“O ESTRANHO”, COERENTE COM SEU TÍTULO.

Por Celso Sabadin.

Cada vez menos se justifica dividir a produção audiovisual em ficção e documentário. Conforme já disseram antigamente, o cinema é “a verdade a 24 fotogramas por segundo”… ou “a mentira a 24 fotogramas por segundo”. Isso na época em que existia fotograma.

Estreando nos cinemas brasileiros nesta quinta-feira, 20/06, “O Estranho” chega para comprovar ainda mais a irrelevância de tal divisão.

Tudo acontece no Aeroporto Internacional de Guarulhos, em São Paulo, e nos seus arredores. A imensa e sofisticada construção contrasta frontalmente com a simplicidade do grupo de personagens que conduzirão a trama.

Alê (Larissa Siqueira), Antonia (Antonia Franco), Jorge (Rômulo Braga), Silvia (Patricia Saravy), Hélder (Thiago Calixto) e Laysa (Laysa Costa) transitam na tênue linha que costura (ou separa) o coleguismo profissional e a amizade. Manipulam bagagens, trocam confidências, divertem-se nas lojas com os produtos importados que jamais conseguirão comprar.

É neste contexto de interpretações despojadamente naturalistas que remetem ao gênero documental que o longa mergulha em uma questão pouco ou nada explorada pelo audiovisual e até mesmo pelo jornalista: o aeroporto, invasor, foi construído sobre um amplo território indígena, bloqueando caminhos e rios.

Val se incomoda com o fato, e sua ancestralidade indígena a levará por uma busca por respostas contemporâneas a esta questão milenar.

De repente – e isso não é spoiler – “O Estranho” abandona suas ferramentas de narrativa ficcional e assume totalmente o documental, registrando a existência e os hábitos de uma reserva indígena nas proximidades. Estranho? Muito. Mas, por outro lado… por que não?

O resultado é, antes de mais nada, ricamente esclarecedor.

Os diretores e roteiristas Flora Dias e Juruna definem o processo de “O Estranho” como uma total imersão no território de Guarulhos. “Pesquisa, preparação e filmagem nos levaram a perceber sua realidade como algo essencialmente heterogêneo e múltiplo.

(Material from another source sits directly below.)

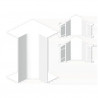ANGLE INTERIEUR BLANC RAL9010 50X150 U24X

Quanto mais orientamos nosso olhar (e câmera) para os espaços e para as rotinas diárias dos trabalhadores do aeroporto, mais essa realidade se tornou rica e surpreendente. Ao lado do aeroporto encontramos bairros urbanos populosos, mas também comunidades rurais, sítios arqueológicos escondidos, e povos indígenas em processo de retomada”.

Após ser premiado como Melhor Filme no Queer Lisboa (Portugal) e no Festival Internacional de Direitos Humanos de Nuremberg (Alemanha), “O Estranho” chega agora aos cinemas de São Paulo, Rio de Janeiro, Belo Horizonte, Curitiba, Brasília, Salvador, Goiânia, Aracajú, Balneário Camboriú, Palmas, Poços de Caldas e Porto Alegre.